> **Work task**
When you transcribe the entries below, begin at their first line and stop after the line containing "Today, I'm going"; pictures stay out.

::::::

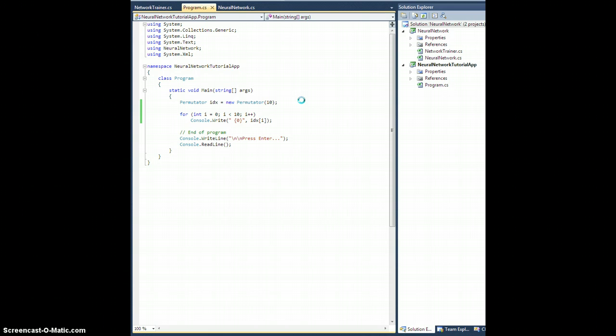And then I think, at least for our base class for the network trainer, this is all the stuff we're going to need. So that will be coming next. All right, later.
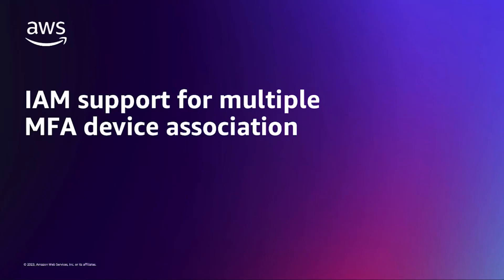Today, I'm going to show you how to assign multiple MFA devices to your AWS IAM root user.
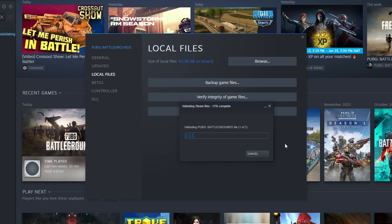I hope this video helped you out. If you want to see more videos on how to resolve issues with games, hit that subscribe button, and if you liked the video hit the like button. If you do subscribe, I'll see you in the next video.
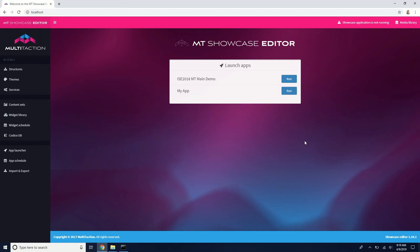All right, welcome to this quick MT Showcase tutorial. In this tutorial, we're going to learn how to add content hotspots onto image viewers in your menus.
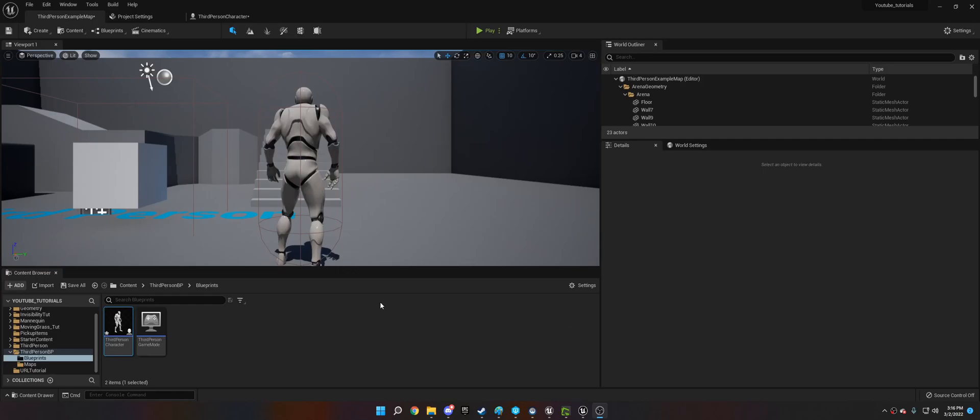Hi, welcome to my Unreal Engine tutorial today. I'll be showing you how to open a URL in Unreal Engine.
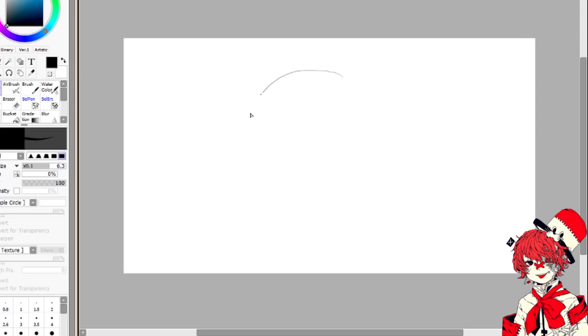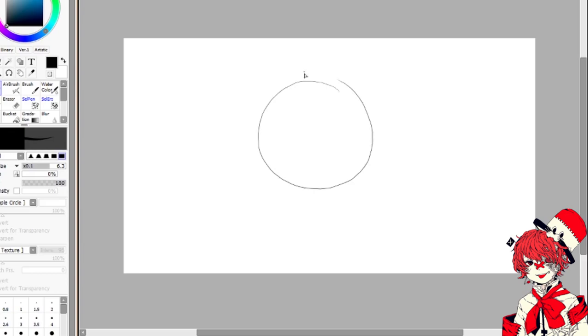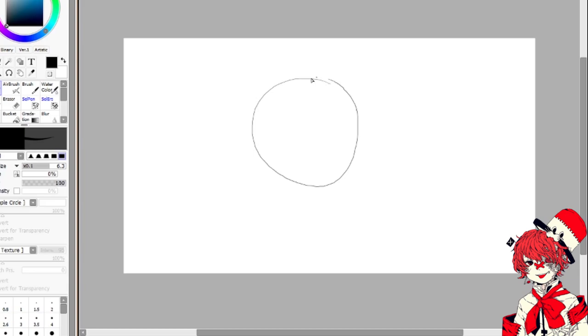Step 1: Draw a circle. Step 2: Draw a face.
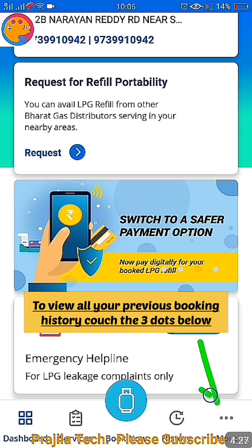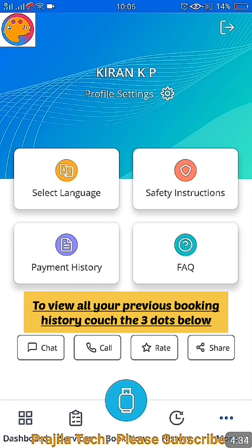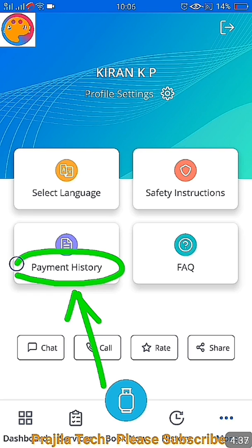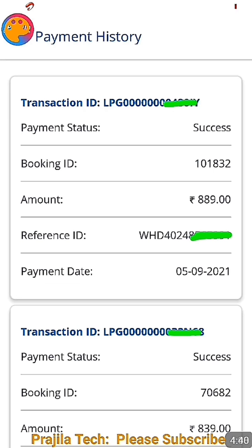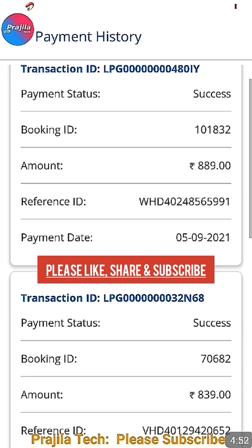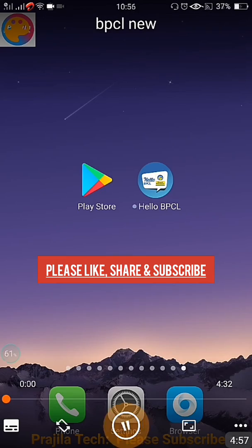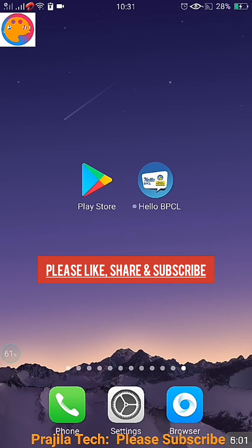To see your previous booking history, click the three-dot icon on the right side at the bottom, and it goes directly to payment history. Clicking on payment history shows all your previous transactions — up to six months or one year of transaction history, including payment status and your latest order details. For example, it clearly shows bookings from 2021, and scrolling down you can see almost one year of booking history.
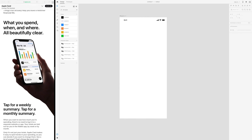Hello and welcome to another XD tutorial. Yesterday Apple announced the Apple Card and I'm going to try to replicate this Apple Card UI here today. I started by picking out all the colors in this picture and also some fonts. I know that Proxima Soft is not the font that Apple uses but it's similar, so I'm going to use that today.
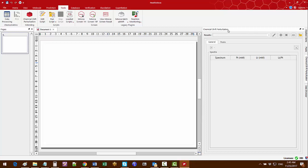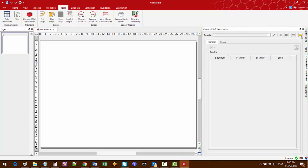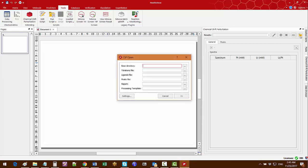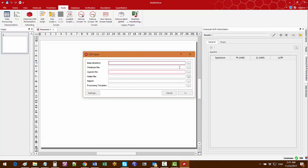I bring up the chemical shift perturbation panel. I click the CSP open tool to enter the base directory where the titration spectra are located.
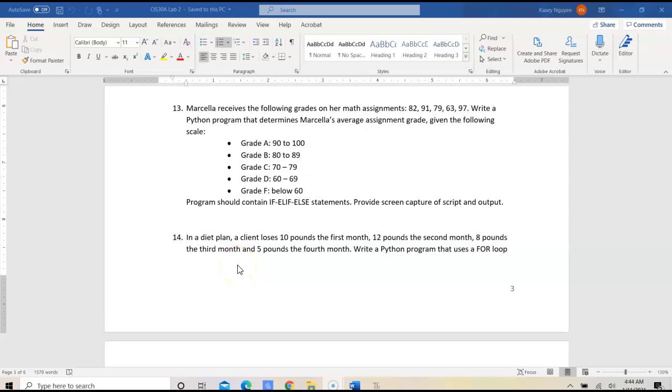In this video, I'm going to talk about CIS 30A Lab 2, Exercise 13.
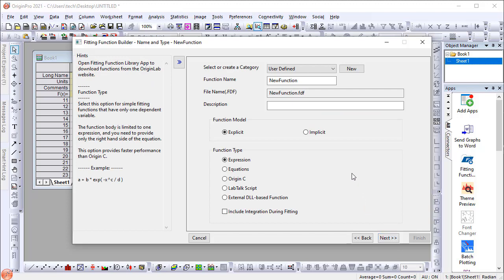set the category to User Defined. Set the function name to Mass Diffusion. Then select Expression for function type.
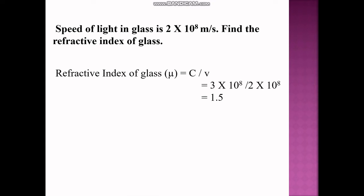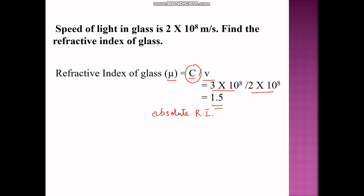This was a simple one — you just have to substitute the values. Refractive index of any substance = velocity of light in vacuum ÷ velocity of light in that medium. Substituting gives 1.5, so the refractive index of glass is 1.5. When the refractive index is calculated with respect to the speed of light in vacuum, this is called the absolute refractive index of glass.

::::::

> **Finished exercise**
And then I think, at least for our base class for the network trainer, this is all the stuff we're going to need. So that will be coming next. All right, later.
Today, I'm going to show you how to assign multiple MFA devices to your AWS IAM root user.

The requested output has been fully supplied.